By Daniel L. Brown and David A. Schrager
In Hudson Ins. Co. v. M.J. Oppenheim, 604411/05 (Sup Ct, NY County, May 25, 2010) ("Hudson"), Justice Bransten held that statements made in an expert consultant’s report prepared in connection with settlement negotiations were not entitled to the usual protections afforded settlement communications and, therefore, were admissible at trial. The lesson to be learned is that attorneys and clients must be careful when disclosing information during settlement discussions, because otherwise admissible evidence is not rendered inadmissible merely because it was provided during settlement negotiations.

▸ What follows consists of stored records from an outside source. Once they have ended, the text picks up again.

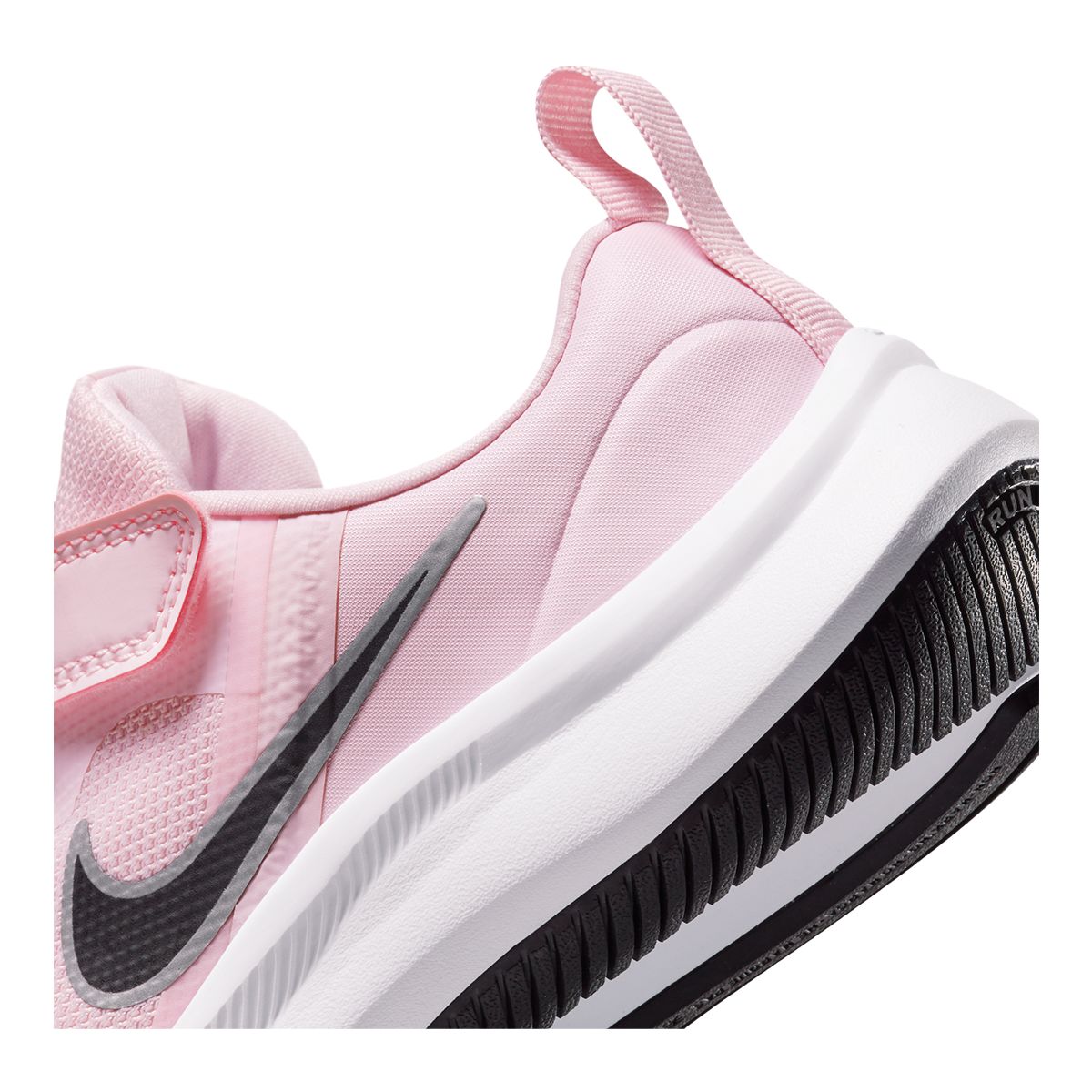 Nike girl star on sale runner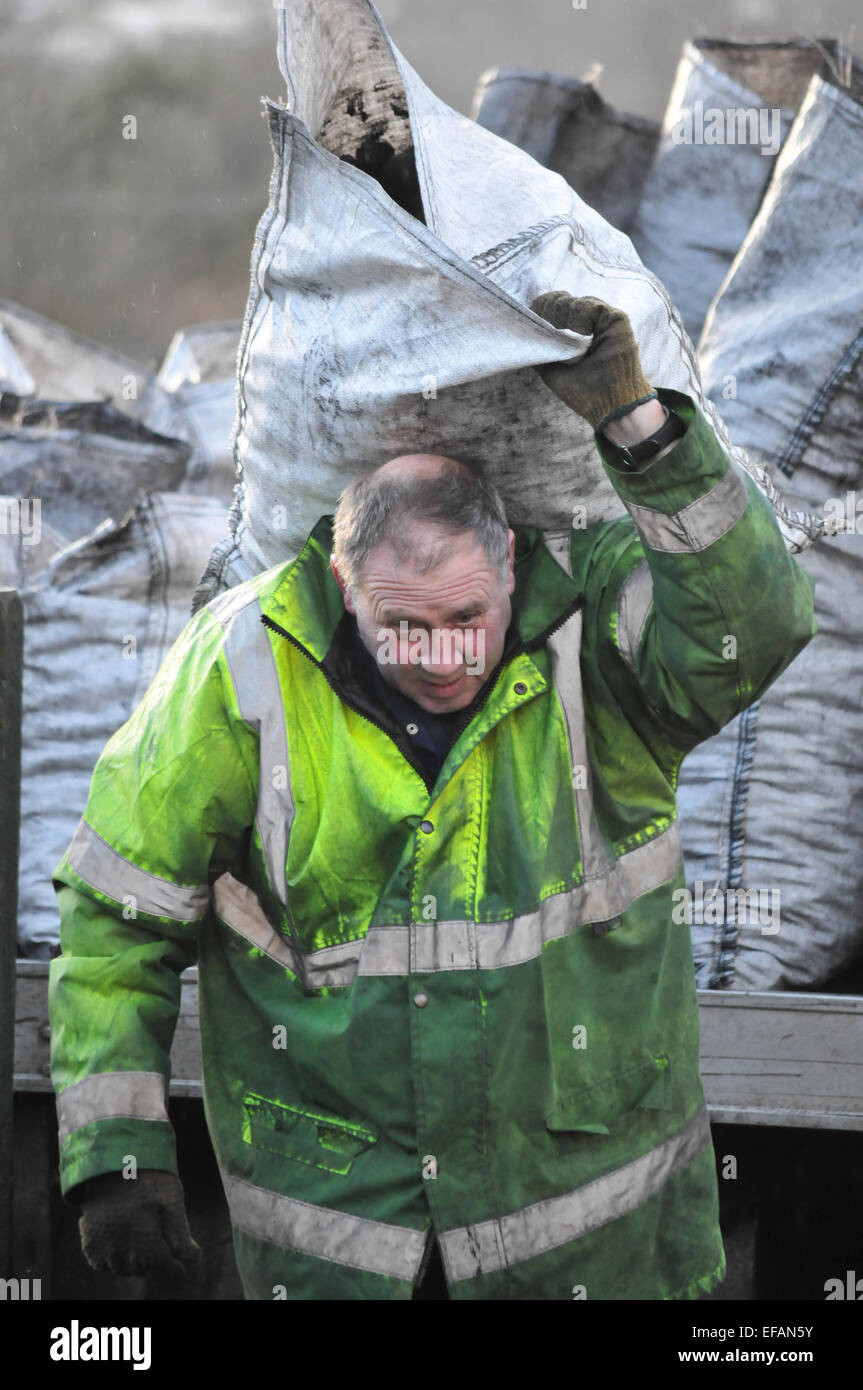 Man liefert Säcke Kohle, Cornwall, England, UK Stockfoto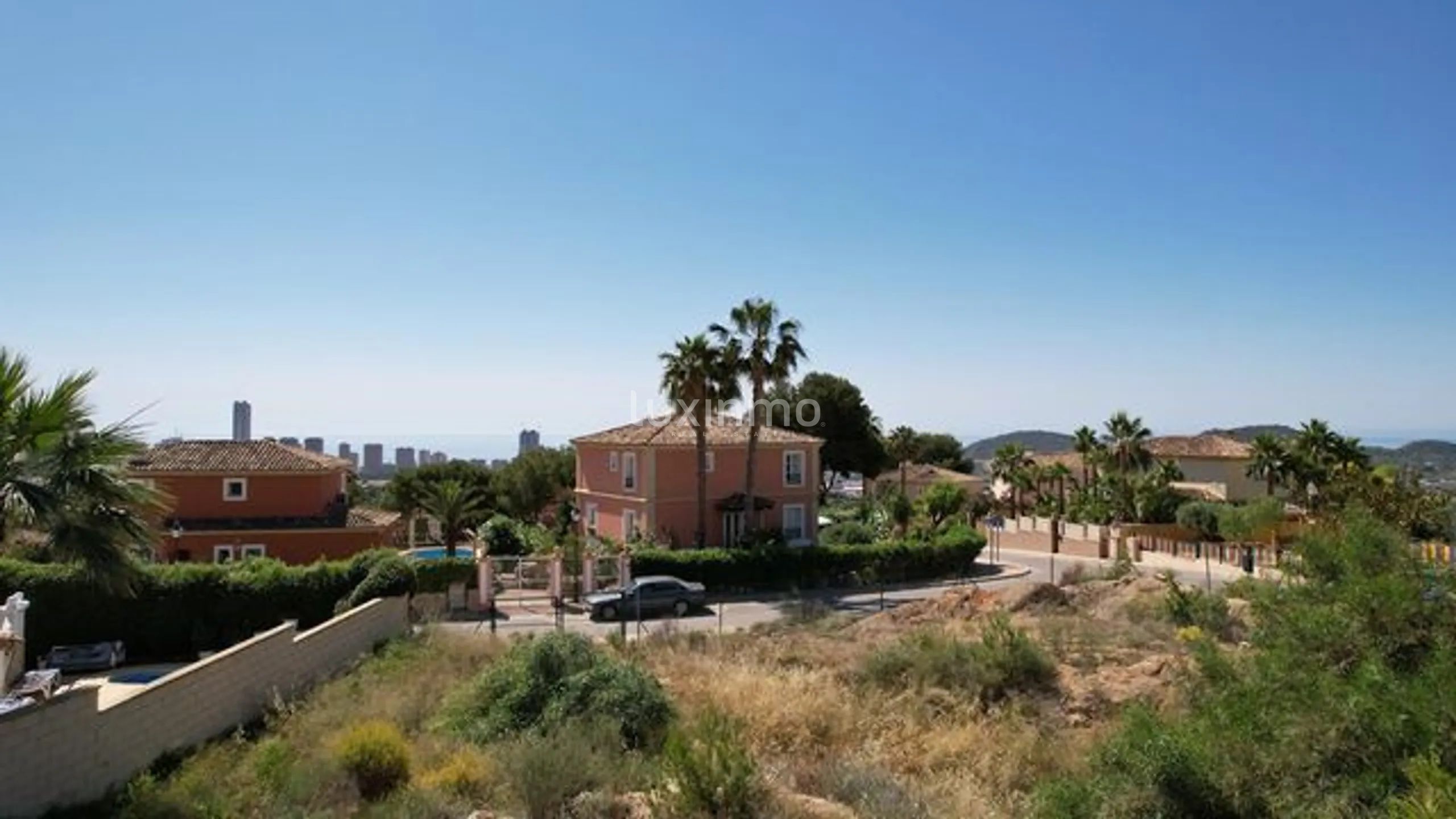 Very modern and minimalistic design villa for sale in Sierra Cortina — photo 17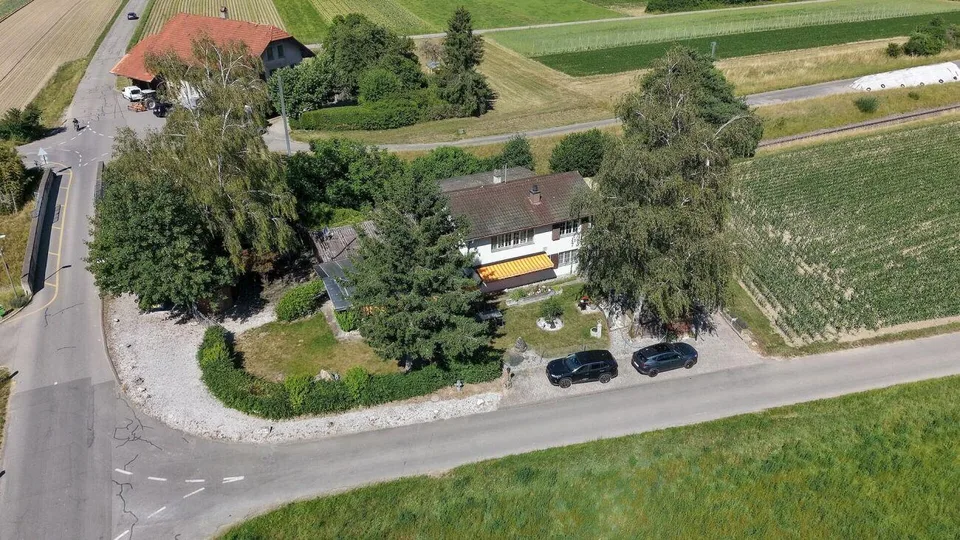 Freistehendes 6.5-Zimmer-Einfamilienhaus mit Wintergarten, Werkstat...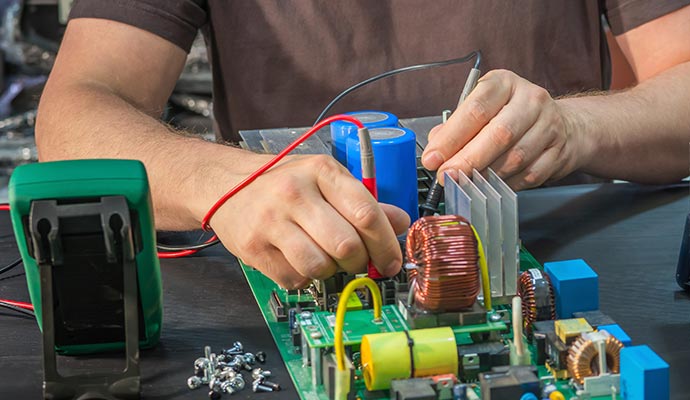 Expert repairing electronic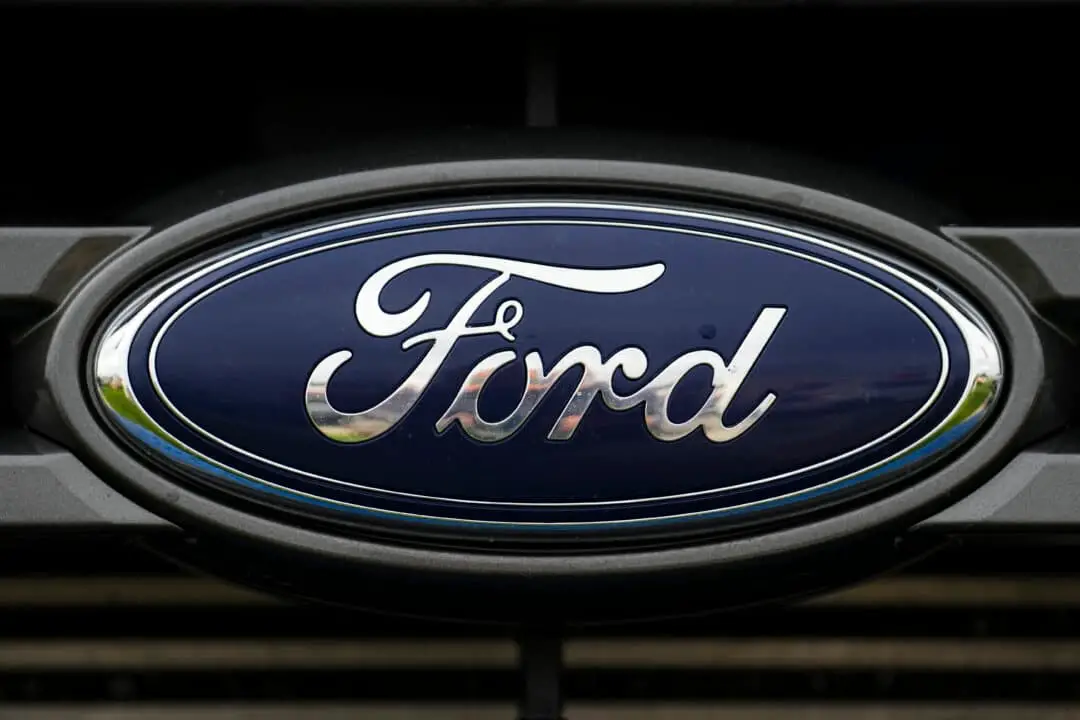 El logotipo de Ford en un coche en un concesionario de automóviles en Ottawa el 11 de agosto de 2023. (The Canadian Press/Sean Kilpatrick).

Section 4547 of New York’s Civil Practice Law and Rules, entitled "Compromise and offers to compromise," generally provides that confidential settlement negotiations are inadmissible as evidence and thus cannot be used by or against your adversary at trial if negotiations break down. The Practice Commentaries to CPLR § 4547 state that the rule "is an adoption, in substantially identical language, of the original version of Rule 408 of the Federal Rules of Evidence." Vincent C. Alexander, Practice Commentaries, CPLR 4547 (McKinney’s 2007).
In Hudson, plaintiffs sought to use at trial certain statements contained in the defendant’s expert’s report that was provided to plaintiffs as part of settlement discussions. Defendant objected, arguing that because the expert’s report was provided for purposes of settlement negotiations only, it was inadmissible as evidence pursuant to CPLR §4547. Specifically, defendant pointed to the language in CPLR §4547 which provides that "[e]vidence of any conduct or statement made during compromise negotiations shall  be inadmissible." CPLR §4547.
In response, plaintiffs made two arguments. First, plaintiffs argued that the expert’s report did not fall within the protection afforded by CPLR §4547, because the settlement negotiations did not ultimately result in a settlement offer or conclude in a settlement. Second, plaintiffs argued that the statements and materials contained in the expert’s report were the product of an investigation to determine whether to accept or reject insurance coverage, prepared in the insurance organization’s ordinary course of business. The court rejected the plaintiffs’ first argument, because protection under CPLR §4547 is not contingent on the outcome of settlement negotiations. However, the court agreed with the plaintiffs that the statements and materials contained in the expert’s report were prepared in the insurance organization’s ordinary course of business. Therefore, because CPLR §4547 also provides that "the provisions of this section shall not require the exclusion of any evidence, which is otherwise discoverable, solely because such evidence was presented during the course of compromise negotiations," the court held that the statements and materials contained in the expert’s report was not subject to the protection afforded by CPLR §4547 merely because they were produced during settlement negotiations.
As demonstrated by the Hudson decision, attorneys involved in commercial disputes governed by New York law would be advised to tread carefully during settlement negotiations, as statements and materials provided therein are not automatically protected under CPLR §4547, and may be used against your client if a settlement before trial is not achieved.